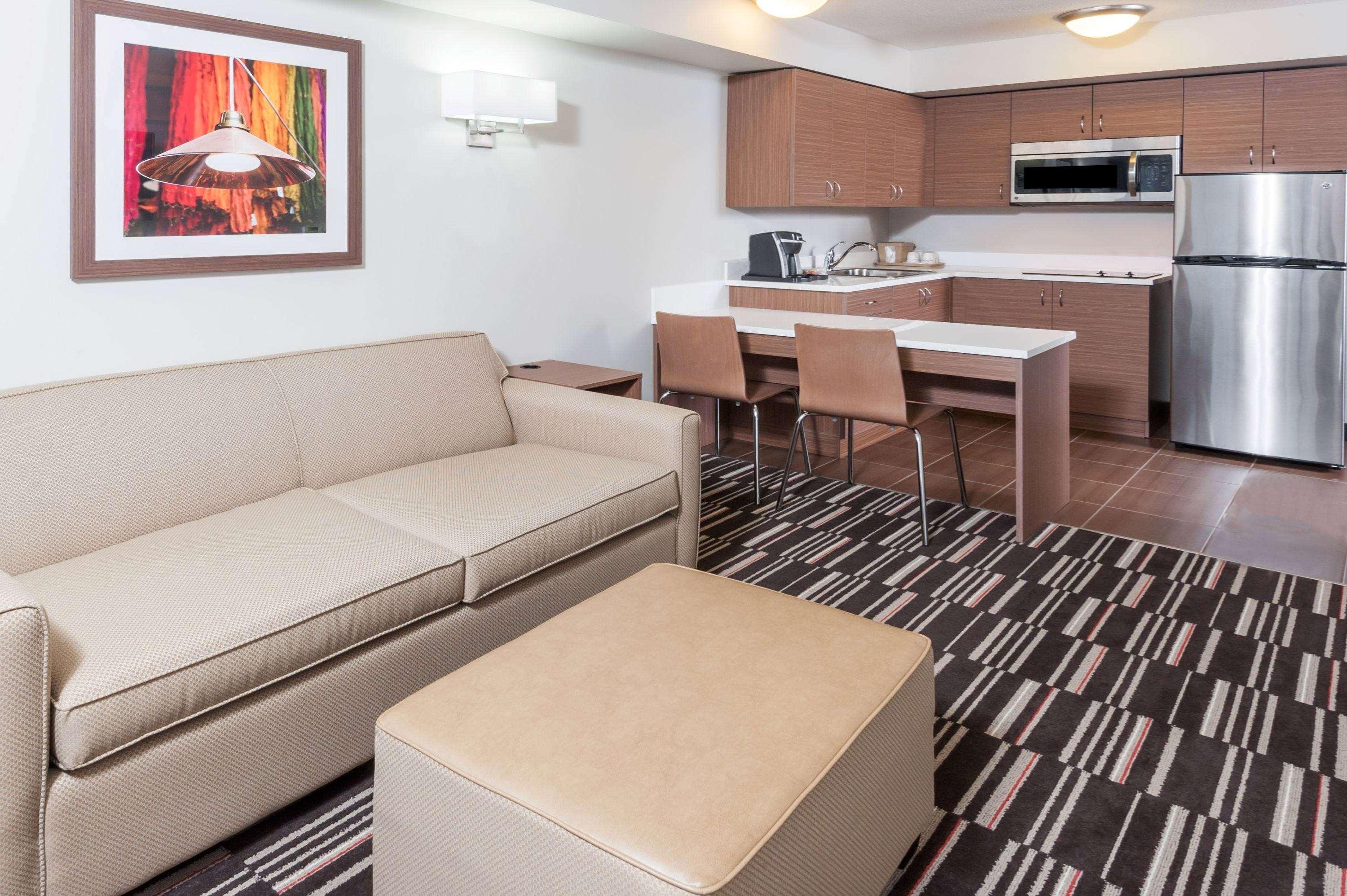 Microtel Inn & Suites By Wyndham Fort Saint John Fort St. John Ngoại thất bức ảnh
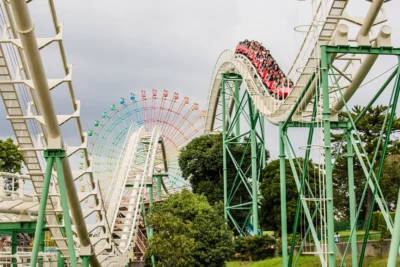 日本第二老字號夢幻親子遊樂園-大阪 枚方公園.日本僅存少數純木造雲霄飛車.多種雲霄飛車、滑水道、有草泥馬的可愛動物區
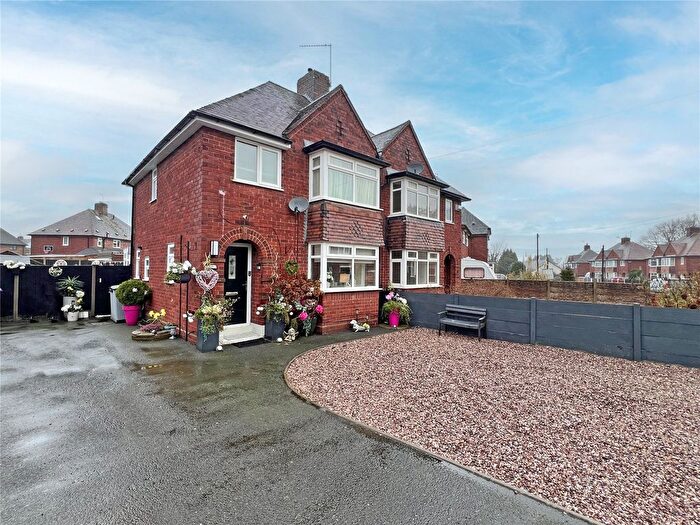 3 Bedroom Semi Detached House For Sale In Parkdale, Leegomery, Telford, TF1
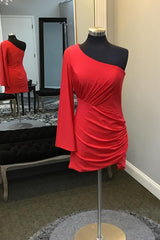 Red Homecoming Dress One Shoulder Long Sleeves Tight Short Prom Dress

What is expected: The required answer is an exact copy of the lines from the one containing "3 Bedroom Semi" through the last line of the material, with the pictures removed.

Completed exercise:
 3 Bedroom Semi Detached House For Sale In Parkdale, Leegomery, Telford, TF1
 Red Homecoming Dress One Shoulder Long Sleeves Tight Short Prom Dress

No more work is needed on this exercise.